Record set
=======

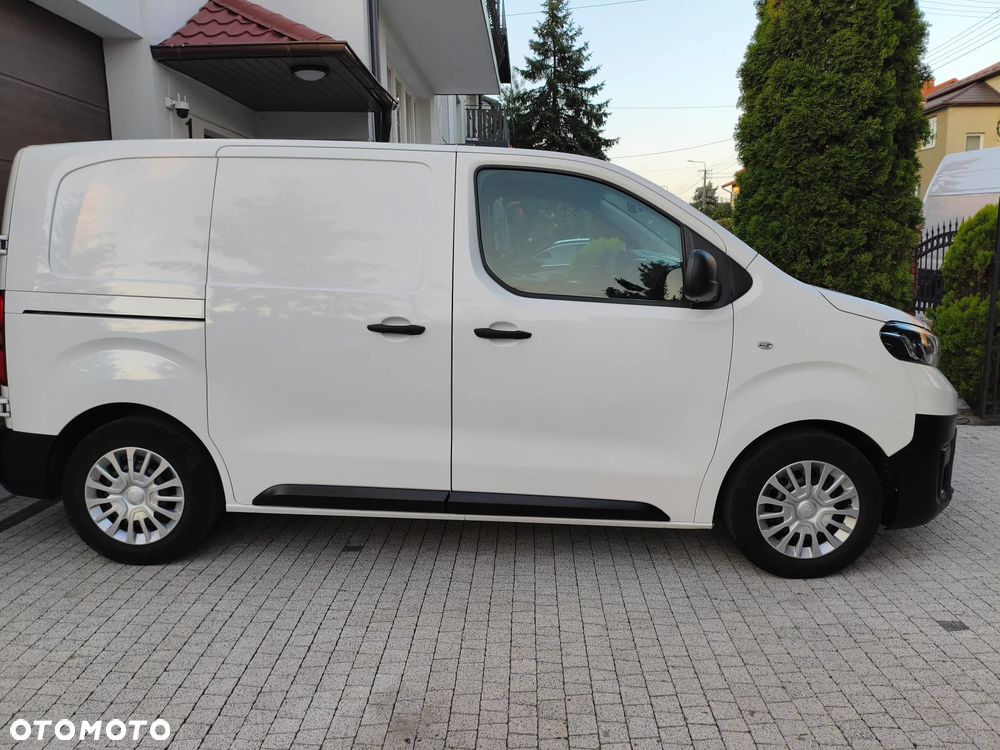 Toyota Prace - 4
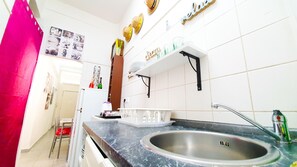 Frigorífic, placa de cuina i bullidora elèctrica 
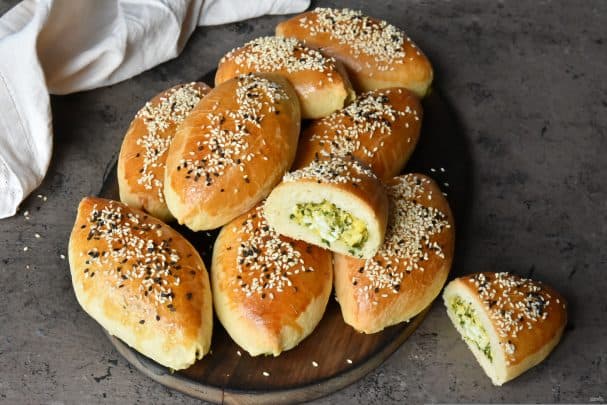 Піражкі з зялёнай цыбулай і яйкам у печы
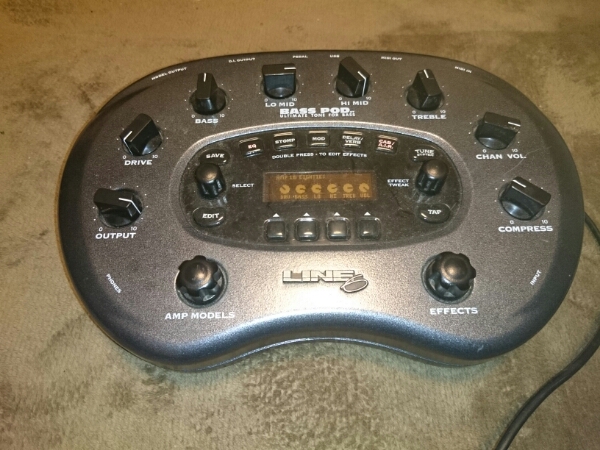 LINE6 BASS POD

=======

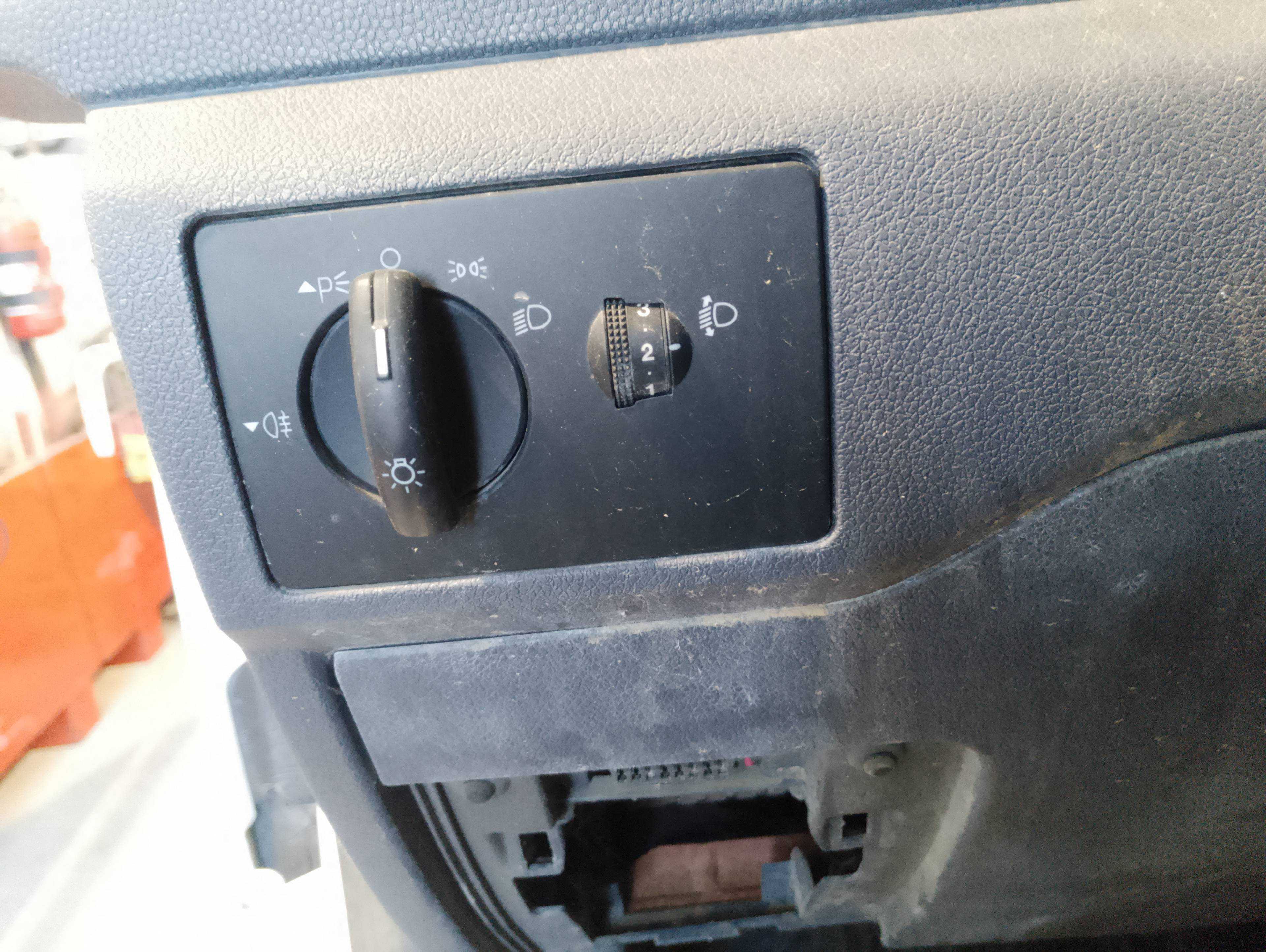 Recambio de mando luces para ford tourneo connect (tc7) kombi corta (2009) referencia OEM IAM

=======

Task prompt
The lines to reproduce run from the one above containing "Toyota Prace - 4" through the one containing "LINE6 BASS POD". Copy them exactly and leave out all pictures.

Solution to the exercise
 Toyota Prace - 4
 Frigorífic, placa de cuina i bullidora elèctrica 
 Піражкі з зялёнай цыбулай і яйкам у печы
 LINE6 BASS POD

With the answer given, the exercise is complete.